Le procès s’est tenu le 8 mars dernier. Le parquet a requis quatre ans de prison ferme pour les quatre accusés, assortie d’une amende de 200.000 DA. Il a également requis la suspension du permis de conduire du propriétaire du bus et du chauffeur.
Pour rappel, l’accident est survenu le 15 août 2025 sur le pont d’El Harrach. Le parquet près le tribunal de Dar El Beïda avait immédiatement ouvert une enquête préliminaire pour établir les responsabilités.
Le 19 août, quatre personnes ont été placées sous mandat de dépôt. Il s’agit, selon le procureur de la République près le même tribunal, du propriétaire du bus H. Rafik, du chauffeur D. Hamza, du receveur H. Noureddine et du contrôleur technique B. Djalal, l’employé qui a établi le procès-verbal de contrôle technique «en violation des lois en vigueur», comme souligné par le parquet.

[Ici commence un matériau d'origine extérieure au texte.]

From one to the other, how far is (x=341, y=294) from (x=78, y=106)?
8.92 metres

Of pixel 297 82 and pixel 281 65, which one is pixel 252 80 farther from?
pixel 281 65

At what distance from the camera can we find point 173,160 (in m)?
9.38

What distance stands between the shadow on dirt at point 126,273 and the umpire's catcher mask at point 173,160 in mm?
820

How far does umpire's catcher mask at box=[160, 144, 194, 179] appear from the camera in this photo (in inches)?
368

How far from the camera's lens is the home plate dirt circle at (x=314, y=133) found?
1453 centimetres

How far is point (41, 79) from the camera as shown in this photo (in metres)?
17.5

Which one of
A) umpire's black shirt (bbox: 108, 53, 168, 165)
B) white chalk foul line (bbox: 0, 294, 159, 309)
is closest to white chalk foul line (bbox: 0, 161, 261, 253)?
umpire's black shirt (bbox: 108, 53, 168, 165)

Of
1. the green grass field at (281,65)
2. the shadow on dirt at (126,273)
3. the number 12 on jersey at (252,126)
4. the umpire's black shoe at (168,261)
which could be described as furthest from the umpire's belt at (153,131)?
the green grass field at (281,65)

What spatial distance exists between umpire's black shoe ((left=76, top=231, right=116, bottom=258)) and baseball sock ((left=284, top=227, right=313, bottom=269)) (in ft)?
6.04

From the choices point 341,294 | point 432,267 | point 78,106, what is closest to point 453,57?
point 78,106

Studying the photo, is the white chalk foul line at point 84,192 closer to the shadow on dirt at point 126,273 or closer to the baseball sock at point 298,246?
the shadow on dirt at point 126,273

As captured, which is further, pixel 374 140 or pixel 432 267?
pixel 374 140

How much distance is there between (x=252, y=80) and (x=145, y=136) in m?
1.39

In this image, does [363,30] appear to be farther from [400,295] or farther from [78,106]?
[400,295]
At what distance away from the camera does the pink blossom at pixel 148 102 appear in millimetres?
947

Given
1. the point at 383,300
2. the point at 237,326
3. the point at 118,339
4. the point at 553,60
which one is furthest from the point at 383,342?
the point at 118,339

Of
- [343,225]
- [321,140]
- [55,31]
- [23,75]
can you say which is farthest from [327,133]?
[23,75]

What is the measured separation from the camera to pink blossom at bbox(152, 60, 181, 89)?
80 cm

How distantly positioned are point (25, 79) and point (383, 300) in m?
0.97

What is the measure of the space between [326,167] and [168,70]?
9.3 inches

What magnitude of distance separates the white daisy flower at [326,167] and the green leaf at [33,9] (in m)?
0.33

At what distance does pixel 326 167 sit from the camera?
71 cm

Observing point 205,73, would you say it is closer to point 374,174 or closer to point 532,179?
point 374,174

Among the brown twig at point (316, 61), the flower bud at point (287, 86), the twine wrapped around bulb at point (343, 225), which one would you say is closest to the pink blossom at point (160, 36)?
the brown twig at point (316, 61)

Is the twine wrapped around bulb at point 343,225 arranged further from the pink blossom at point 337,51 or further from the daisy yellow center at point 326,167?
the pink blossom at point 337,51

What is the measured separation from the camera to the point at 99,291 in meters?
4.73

Entre autres «graves irrégularités», soulignées, selon les informations fournies par le procureur, la vitesse «excessive» avec laquelle roulait le bus au moment de l’accident et une défaillance du système de direction. L’enquête a donc révélé «un entretien manifestement insuffisant, ainsi que des défaillances dans le système de freinage, le frein à main étant complètement désactivé». Tout ceci alors que «le rapport du contrôle technique ne signalait aucun défaut», a mentionné aussi le représentant du parquet.
Un accident qui, d’ailleurs, a poussé les autorités à prendre des décisions importantes allant dans le sens du renouvellement du parc automobile du transport public.
Le Gouvernement a pris donc la décision d’importer en grandes quantités et dans l’immédiat de pneus et de bus neufs. Des premiers lots sont déjà arrivés aux ports algériens.
Par ailleurs, un nouveau code de la route a été adopté, contenant de nouvelles mesures plus dissuasives.